Cancer of the central nervous system

A number of neoplasms are included under the general heading of cancer of the central nervous system and they are classified as either gliomas (for instance astrocytomas or glioblastomas) or nonglial tumours (such as meningiomas).

The scarcity of studies investigating the role of tobacco use in the aetiology of tumours of the brain and central nervous system and the lack of consistency in the data make it difficult to draw firm conclusions. The incidence of gliomas has been linked to smoking in men, but not in women [200–202], and an association between an increase in incidence of meningioma in women and passive smoking from their spouse has also been reported [203]. In contrast, other studies have shown a lack of effect of tobacco use on tumours of the central nervous system [204–207].

Testicular cancer

Testicular cancer is extremely responsive to treatment, so that although it is diagnosed in 7700 men per year in the USA (mainly aged 15–34), it kills only approximately 300 [184]. Testicular cancer is extremely heterogeneous. Studies have consistently failed to show an association between cigarette smoking and risk of testicular cancer [208–210]. Data on the effect of other forms of tobacco on testicular cancer risk are lacking. It has, however, been hypothesized that smoking bythe mother during pregnancy may increase risk for testicular cancer in her male offspring [211].

Thyroid cancer

Thyroid cancer is a relatively rare form of cancer with a good prognosis, responsible for 87 000 new cancer cases annually [1]. Thyroid cancer is three times more common in women than in men and ismost often found in the Pacific islands, Central America and East Asia. There are several major subtypes of thyroid carcinomas, the most common of which is papillary carcinoma.

There is a lack of consensus on the association between cigarette smoking and risk of thyroid cancer. The majority of studies have reported a protective (often dose–response) effect of smoking on risk of thyroid cancer [212–214]. Other studies have reported no association [215, 216] or even a deleterious effect of smoking [217, 218].

Conclusions

There is strong evidence for an association between tobacco use and cancer of the lung, larynx, oral cavity and pharynx. Risk of bladder cancer is also associated with tobacco use, as is oesophageal, pancreatic, stomach and kidney cancer, whether of the renal parenchyma or renal pelvis. In contrast, the incidence of endometrial cancer is lower in women who smoke cigarettes. For most of these associations a dose–response effect of tobacco use on cancer risk is evident, as is a decline in risk on cessation of tobacco use.

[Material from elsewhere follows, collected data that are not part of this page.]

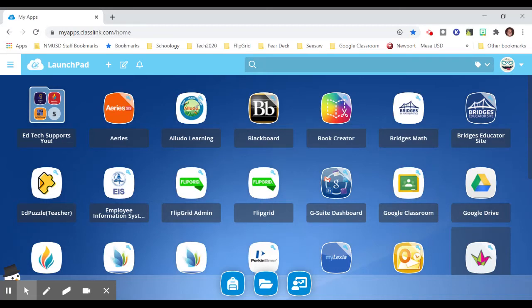Hi there, Jay Marshall here from NMUSD EdTech. Let's look at signing into apps with Classlink.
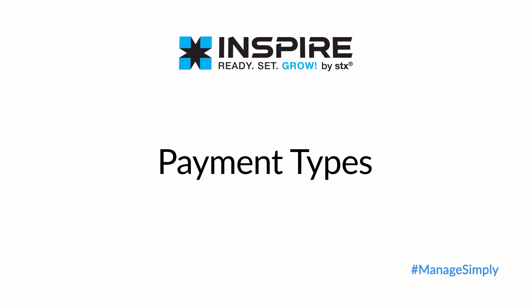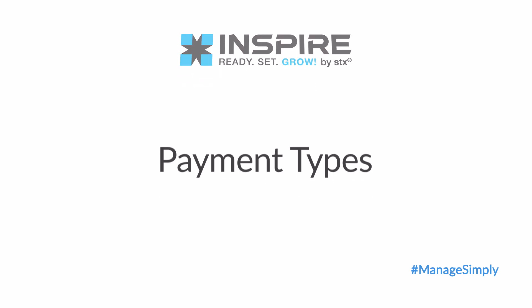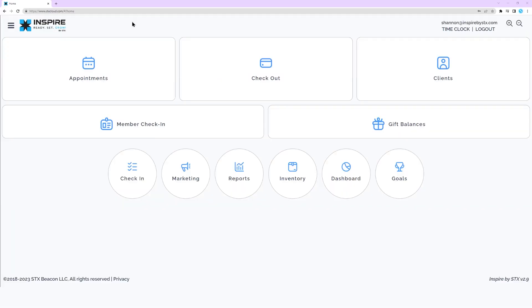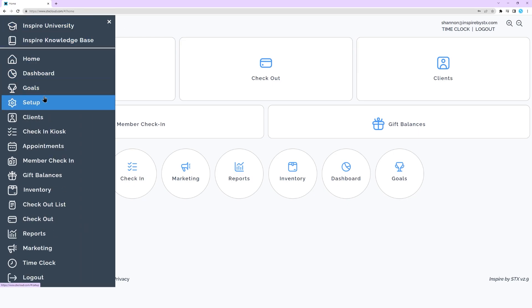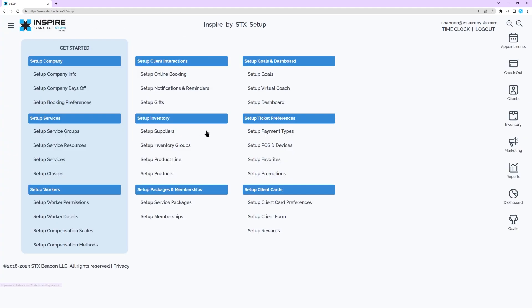Payment types are how the business identifies or edits the payment options displayed on the checkout page. From the navigation menu, go to Setup, Setup Ticket Preferences, Setup Payment Types.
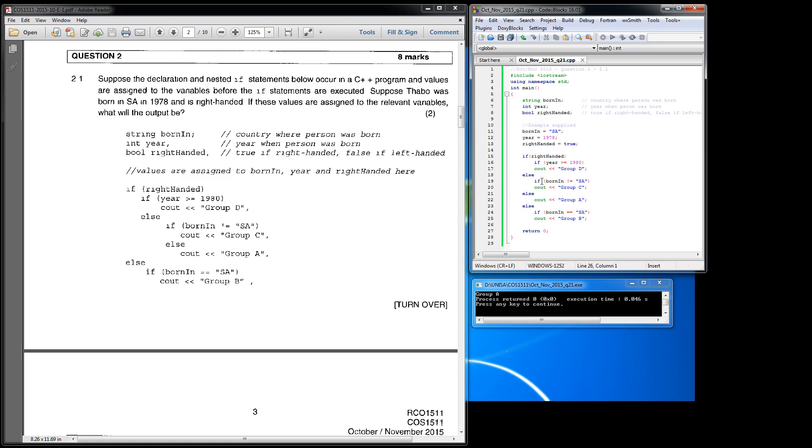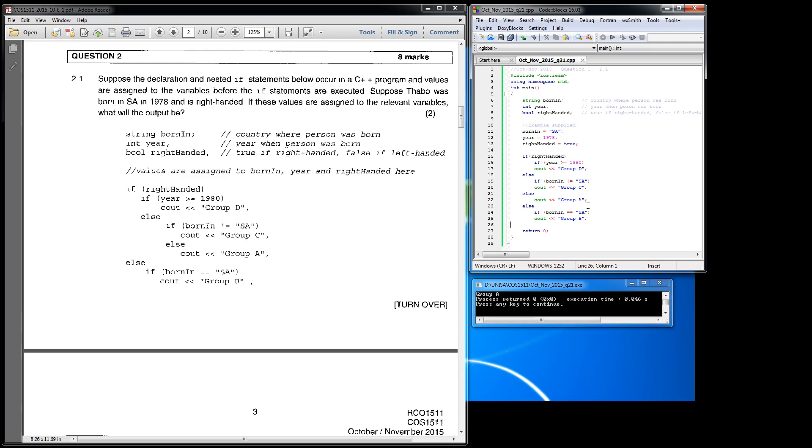And then the else statement says else if the born_in is not equal to SA, which it clearly is SA, so it ignores this output and it goes straight to the else and it puts out group A. And that's how it works, and it's very similar to how they want you to trace things in the variable diagrams.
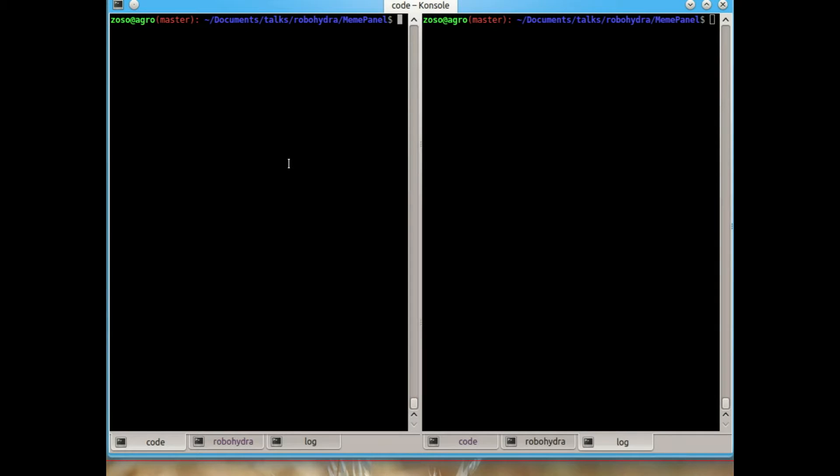Welcome to the fourth RoboHydra screencast. This screencast is going to be very similar to the first one, only using RoboHydra 0.4, which is currently the latest version.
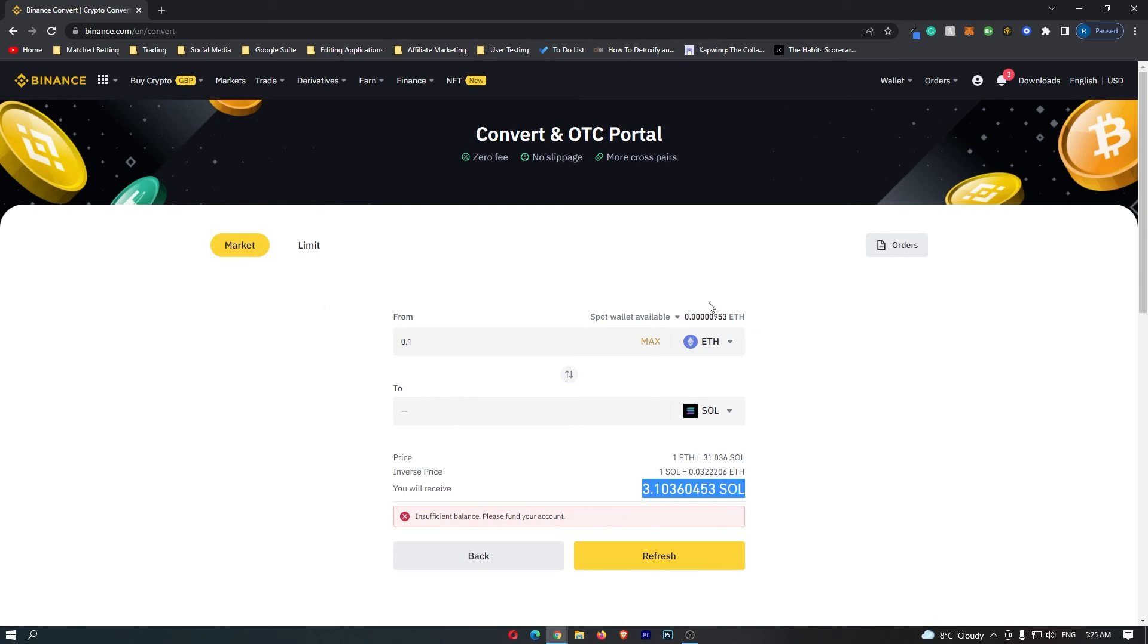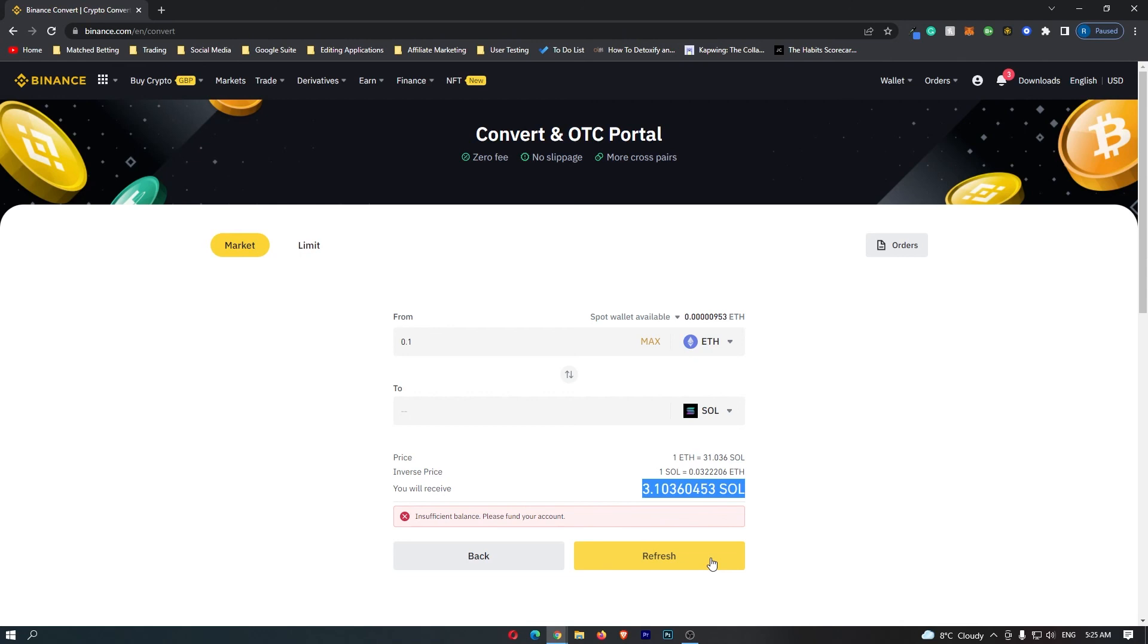Once you have followed these steps and once you are happy with the amount of Solana that you will receive, this yellow button at the bottom should say confirm. So go ahead and click this button. That will start up the transaction, and that is how you can convert Ethereum into Solana on Binance.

Data indicate that myeloid leukaemia, but not other forms of leukaemia, may be associated with smoking. Similarly, smoking may increase risk of squamous cell sinonasal cancer, but not sinonasal adenocarcinoma. Liver cancer risk may be elevated in smokers who are chronically infected with the hepatitis B virus. Whether cervical cancer incidence is higher in smokers, or whether this apparent association is the result of residual confounding by sexual behaviour, remains open for debate. Colorectal cancer may be associated with tobacco use, but only after a very extended time since the initiation of tobacco use. The evidence for an association between tobacco use and cancer of the gall bladder, adrenal gland or small intestine is equivocal. The evidence for an association between parental smoking and childhood cancer is very inconsistent and may be subject to bias, but suggests a possible effect of paternal smoking.

Skin cancer overall shows little association with smoking, although there may be some increased risk for squamous cell carcinoma of the skin. Breast cancer, ovarian cancer and prostate cancer incidence are unlikely to be linked to tobacco use, although fatal prostate cancer may be higher in smokers. Non-Hodgkin's lymphoma, excepting the follicular type, Hodgkin's lymphoma and multiple myeloma show little relationship with tobacco use. The few data on the association between tobacco use and risk of soft tissue sarcoma, testicular cancer, thyroid cancer and cancer of the brain and central nervous system, preclude a strong effect.